Chicago Journal of International Law


This essay briefly presents perspectives on certain structural features of the South African income tax system. Most of the comments are directed at steps that can be taken to enhance South Africa's economic growth and job growth. Given that the unemployment rate among South Africa's non-White population exceeds the unemployment rate in the United States during the Depression, it is crucial that South Africa adopt tax and other policies that will lead it to higher economic growth. The importance of the tax system in generating growth was recognized by President Thabo Mbeki in a speech he gave on July 17, 2000 at a meeting of the African National Congress ("ANC"), the dominant political party in South Africa.

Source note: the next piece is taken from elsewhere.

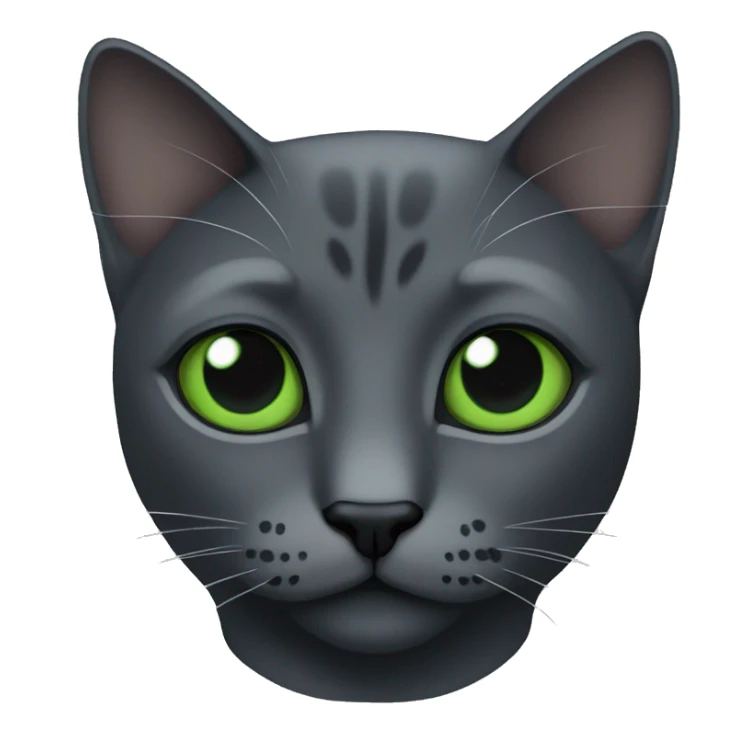Dark gray cat with black face marks and green eyes head only sticker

At this meeting, President Mbeki proposed that "foreign companies be offered tax breaks and other incentives to invest in manufacturing plants in South Africa." South Africa currently does not have in its Income Tax Act investment incentives, such as investment tax credits, jobs tax credits, research and development credits, and empowerment zones, each of which is or has been employed in the United States. I believe that South Africa should carefully craft tax incentives to promote both savings and investment, and I set out a broad outline of a set of such incentives in Section II(D) below. These incentives would be consistent with the recent decision by the ANC to "refocus its economic policy priority from strict macroeconomic management to growth targets like jobs and investment".